Güller yazısının devamında ise, “Elbette AKP’nin bir gündem değişikliğine ihtiyacı var ve buradan hareketle toplumsal kutuplaşmayı derinleştirmeye, kendi tabanını safta tutabilmek için laik-dindar kavgası yaratmaya ihtiyacı var. Nitekim Erdoğan’ın cami cemaati önünde “Hz. Âdem efendimize uzanan dilleri koparmak bizim görevimizdir” demesi, dindar tabanı parti safında tutma amaçlı, ancak dindarları laiklere karşı kışkırtan ve çok tehlikeli bir tehdittir.
O nedenle “AKP’nin gündem değiştirmek istemesi” diyerek soruna sırt dönülemez. Zira 20 yılın özetidir: AKP, siyasal İslamcı “davası” için sürekli bu tür baskıları yapmakta, toplum üzerinde bir korku iklimi oluşturmakta ve adım adım yaşam alanlarımızı daraltmaktadır. “Gündem değişikliği” diyerek bu saldırılara karşı koymayan bir toplum, giderek özgürlüğünü yitirecektir.” diyerek Müslüman Anadolu halkının hakkı olanı Batıcıların elinden alacağı yönündeki endişelerini de paylaşıyor.
Batıcı laikler artık hâkimiyeti kaybetti!
Bu topraklara Kemalist cunta Müslüman kanı dökerek hâkim oldu. Kimse kusura bakmasın, bu saatten sonra hesaplaşmadan kaçış yok. Batıcılara artık bu memlekette hâkimiyet yüzü de yok. İktidarın dindarları laiklere karşı kışkırtıp kışkırtmaması da Müslümanlar için önemli değil. Müslümanlar gözünü açtı ve artık size fırsat vermeyecek. Bu toplum bir asırdır Kemalist vesayet altında özgürlüğünü yitirmiş, garip ve esir durumdaydı, artık esaret zincirleri kırıldı, kabına sığmıyor.
Müslümanlar olarak bütün şart, alan, konum, yetenek ve projelerimiz ve dahi her türlü istikbal düşüncesi ve hamlelerimiz İslami bir rejimin tesisi üzerine olmalı. Mevcut iktidara da bunun şartlarını pazarlıksız olarak hatırlatma ve yönlendirme de biz Müslümanlara bir borç. Eğer ki iktidar İslâmî bir düzenin tesisi önünde engel olmaya kalkarsa, onlar da bu selin önünde duramaz.

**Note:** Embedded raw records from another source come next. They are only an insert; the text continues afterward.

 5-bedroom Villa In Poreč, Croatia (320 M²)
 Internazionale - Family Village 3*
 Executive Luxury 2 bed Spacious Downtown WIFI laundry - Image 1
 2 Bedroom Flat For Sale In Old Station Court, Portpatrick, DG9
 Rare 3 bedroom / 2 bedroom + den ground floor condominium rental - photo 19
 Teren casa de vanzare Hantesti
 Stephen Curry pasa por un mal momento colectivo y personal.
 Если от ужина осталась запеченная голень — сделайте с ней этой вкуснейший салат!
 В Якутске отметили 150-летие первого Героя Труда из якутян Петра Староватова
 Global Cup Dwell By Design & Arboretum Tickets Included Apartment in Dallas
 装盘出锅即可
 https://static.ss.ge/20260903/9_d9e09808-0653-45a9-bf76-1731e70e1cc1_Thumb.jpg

Bu kavga Müslümanlarla Batıcı laiklerin kavgasıdır
İslam’ı evle cami arasına hapseden ve sümüklü, sünepe, ezik bir Müslüman portresi çizen anlayışa da en başından beri karşı olduğumuzu bildirerek diyoruz ki; o günler çok eskilerde kaldı. Memleketin iğne ucu kadar bile boşluk kalmayacak şekilde her karış toprağında, hâkim bir fikrin temsilcisi olarak hâkim tavrımızla Kemalistlere ve Kemalist dünya görüşü tesiri altında kim varsa hepsine en küçük meselelerde bile buranın Müslümanların olduğunu hissettireceğiz. İçimizdeki kimi Müslümanların gösterdiği aşağılık kompleksine de geçit vermeyeceğiz.
Kemalist rejimin çatırtıları Türkiye’nin her yerinden bir çığlık halinde duyuluyor artık. Bu kavga Müslümanlarla Batıcı laiklerin kavgasıdır. İstikbal İslâm'ındır mutlak müjdesinin davacısı ve bu davanın bütün ömrüyle ispatçısı olan Kumandan Mirzabeyoğlu’nun Marifetname eserinde dediği gibi “En zor olan şey, ihtirasa en yakın olandır.” Allah, pervasızlardan yanadır. İhtiraslıyız!